We are a visually-driven generation. Toddlers have iPads and play with cameras. We grow up with cameras in our phones, and people document every aspect of their lives. Just as important, more and more creative people are opting for a career in photography or filmmaking. The fact that YouTube spends about $1 million a day expanding their server space to accommodate all the videos being uploaded confirms the fact that millions are making short films these days. But how can you increase your ability to see what others don’t? How can you capture more compelling shots? Here’s three important keys to “seeing” at a higher level:
1) Watch TV or movies with the sound turned off. As a young TV director, my mentor suggested this and it made a huge difference for me. With the sound turned off you don’t get into the story, and you start focusing on the shots. Framing, composition, sequence, editing – how it builds the scene. Try it. If you can TIVO the movie or TV program it’s even better because you can play it back again and again. The only condition here is to be sure you’re watching something that was very well directed and captured.
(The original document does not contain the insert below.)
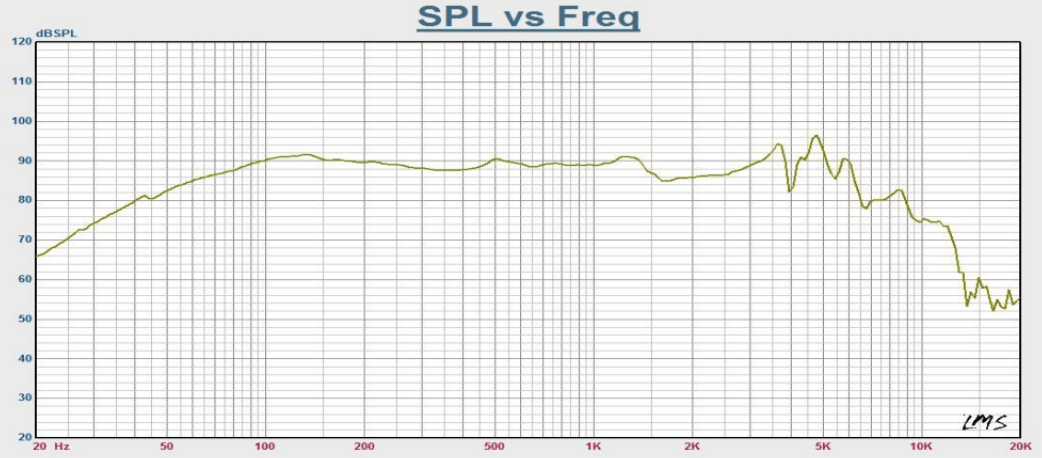 Response Curve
2) Slow down. In today’s distracted culture, we RUSH everything, and as a result, we MISS everything. Slow down. Really look at the people you pass on the street. Notice how the sun hits the side of a building at sunset. Watch people’s behavior at check-out lines. Start to notice, then start thinking about how to recreate those scenes.
3) Experience life. Most directors today don’t know anything about life because they spend it in front of screens. They haven’t traveled, haven’t experienced difficult jobs, and haven’t been in challenging situations. Go on a short term missions program, hike through Europe, take boxing lessons, or start a conversation with a homeless person. Work at a Salvation Army food distribution center. Spend time with the disabled. Visit a museum. Get out of the rut. What you experience will transform the way you look at things.
Filmmaking legend Werner Herzog, in his wonderful book “A Guide for the Perplexed” puts it this way: “The best advice I can offer to those heading into the world of film is not to wait for the system to finance your projects and for others to decide your fate. If you can’t afford to make a million-dollar film, raise $10,000 and produce it yourself. That’s all you need to make a feature film these days. Beware of useless, bottom-rung secretarial jobs in film-production companies. Instead, so long as you are able-bodied, head out to where the real world is. Roll up your sleeves and work as a bouncer in a sex club or a warden in a lunatic asylum or a machine operator in a slaughterhouse. Drive a taxi for six months and you’ll have enough money to make a film. Walk on foot, learn languages and a craft or trade that has nothing to do with cinema. Filmmaking — like great literature — must have experience of life at its foundation. Read Conrad or Hemingway and you can tell how much real life is in those books. A lot of what you see in my films isn’t invention; it’s very much life itself, my own life. If you have an image in your head, hold on to it because — as remote as it might seem — at some point you might be able to use it in a film. I have always sought to transform my own experiences and fantasies into cinema.
Everyone looks, but few really see. The greatest directors understand the power of a compelling image and how it can impact people. It’s never too early to start.